Seeing a light at the end of the tunnel
There were many times before surgery (too many to count) where Crohn’s Disease robbed me from the ability of being able to see a light at the end of the tunnel.
At my darkest points, I honestly thought I was condemned to a life of misery, constant agony & being a prisoner in my own home due to needing my bed and the toilet so often, whether mentally I wanted to or not. Mentally, I have always tried to show my Crohn’s that I’m the one who’s in control, but if you have IBD yourself, you will probably sadly know that sometimes your body has other ideas. During the toughest times, it robbed me of my independence & I felt it often tried to take my dignity. It took away many positive thoughts I had on my body & what I saw when I looked in the mirror. It took away many experiences I wish I could have had as a teenager & child.
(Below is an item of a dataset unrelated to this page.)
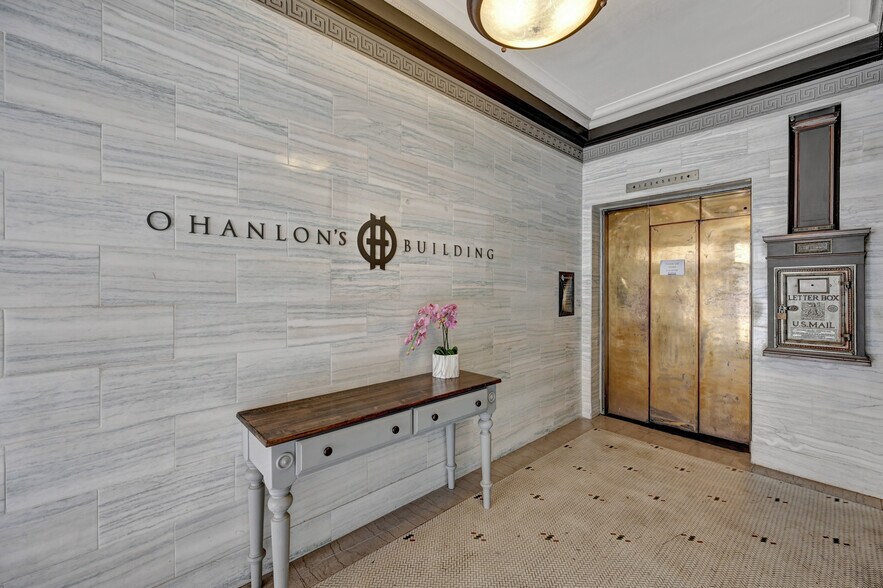 More Photos Of 105 W 4th St, Winston-Salem Office For Sale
When I got told I was going to have a stoma, this was my light at the end of the tunnel. Suddenly, I could see sunshine where there had seemed to always be big, dark clouds and endless storms. To cut a long story short, recovering from stoma surgery was definitely a challenge but one I would do again to have what I have now, feel how I feel & be able to experience all the things I can do all thanks to my stoma saving my life.
I am not without my problems, but I’m now in a place where I’m much more able to deal with them as they seem so minor compared to life pre-surgery. Health issues never fully go away for me and at one time there is often a few things in the mix for me to deal with, but I have much more resilience, strength & resolve to get through those times from being able to develop a life rich with so many experiences & good things to keep me going in times of difficulty. I have been able to explore & try new things & learn more about who I am as a person which has shaped me into the person I am today.
For me, having stoma surgery wasn’t the end of my story, it was just the very beginning.